Technical committee likely to back Skardu dam
ISLAMABAD, Feb 18: The Senate's technical committee on water resources is reported to have observed in its report that the Skardu-Katzara dam is the only viable option owing to lack of consensus on other big dams, like Kalabagh and Bhasha, it is learnt.
Informed sources told Dawn that the report is named after ANG Abbasi who will submit it before the Senate, but it will include diverging views of all members of the committee.
The report, the sources said, had sought reactivation of the Council of Common Interest (CCI), which is the only constitutional forum to decide inter-provincial disputes, and whose absence had politicised and made major water-storage projects controversial.
The sources said that the committee, in the report, had admitted that it had not been able to forge consensus on prioritizing the future dams, total water availability, distribution of water among the provinces, operations of link canals and filling criteria for dams. All these issues, the report says, can be resolved at the CCI level.
The committee, sources said, has held that notwithstanding some defence considerations, the Skardu dam, with 35 million acre feet (maf) storage capacity, can best store the water of "supper-flood" which traditionally comes once in a decade and that could be conserved by no other dam including Kalabagh and Bhasha.
It could irrigate, primarily through gravity flow, the whole of Pakistan, including Balochistan, Thar and Cholistan deserts, and its construction would amount to implementation of 90 per cent of the 1991 Water Accord and help eradicate poverty in vast parts of the country. However, it would submerge whole of Skardu and a lot of underground and surface defence facilities, the report has added.
Although the project is a part of Wapda's vision-2025, its construction and resettlement cost is yet to be ascertained. A study on its technical details and merits and demerits is likely to be available by the end of 2005. Skardu dam would have a long storage life of about 1,000 years.
On the other hand, Kalabagh dam would have a storage capacity of 6.1maf and a power generation capacity of 3,600mw. Its feasibility study and design are complete.
The Bhasha dam would have a storage capacity of 7.3maf and power generation capacity of 4,500mw. Both Kalabagh and Bhasha, with storage capacity between 6maf and 7maf, could cater for carry-over needs for one year only and not the once-in-a-decade supper floods, the report, according to sources, says.
They said Mr Abbasi had been under pressure from some intelligence agencies and he had recently brought this to the notice of President General Pervez Musharraf.
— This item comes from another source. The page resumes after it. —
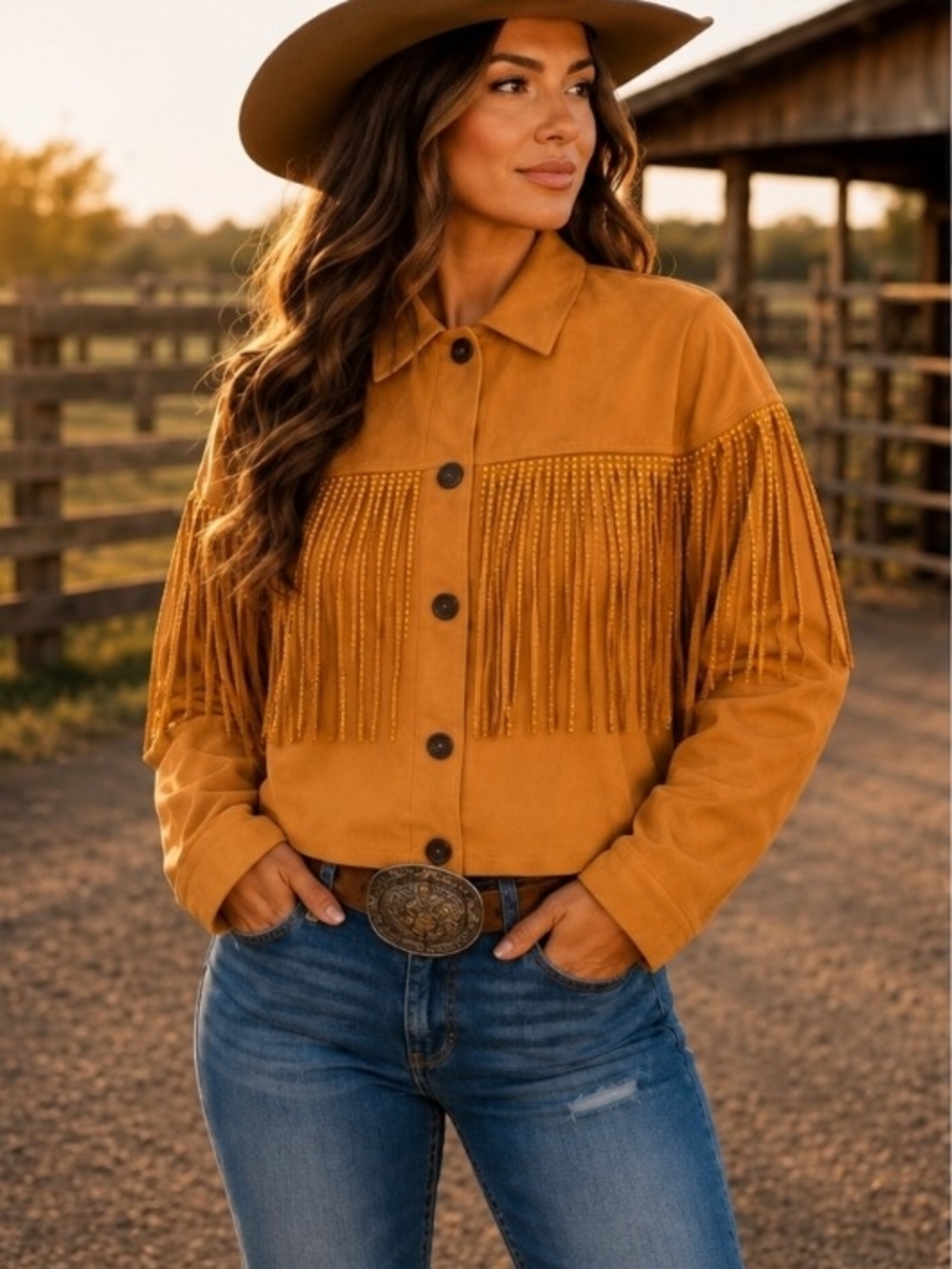 Melrose With Love Faux Suede Fringe Jacket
The president, the sources said, had asked Mr Abbasi to complete his professional job without any pressure or fear.
The sources said the president had recently told a group of Pakistan Muslim League legislators that he had gathered, from his own sources, that Kalabagh dam had the support of seven members of the nine-member Senate's committee on water resources.
One of these parliamentarians, requesting anonymity, told Dawn that the president could attach top priority to Kalabagh dam, followed by Bhasha dam, on the basis of majority vote in the technical committee and supported by the Senator Nisar Memon-led parliamentary committee on water resources. The two reports would also be presented before the parliament for debate, he said.
The final report of the Senate's committee would also mention a Pakistan Meteorological Department report which predicts fast depletion of Himalayan glaciers in the next 25 years and suggests construction of a big dam that could be used as a long-term carry over dam with a capacity to feed agriculture for a longer period.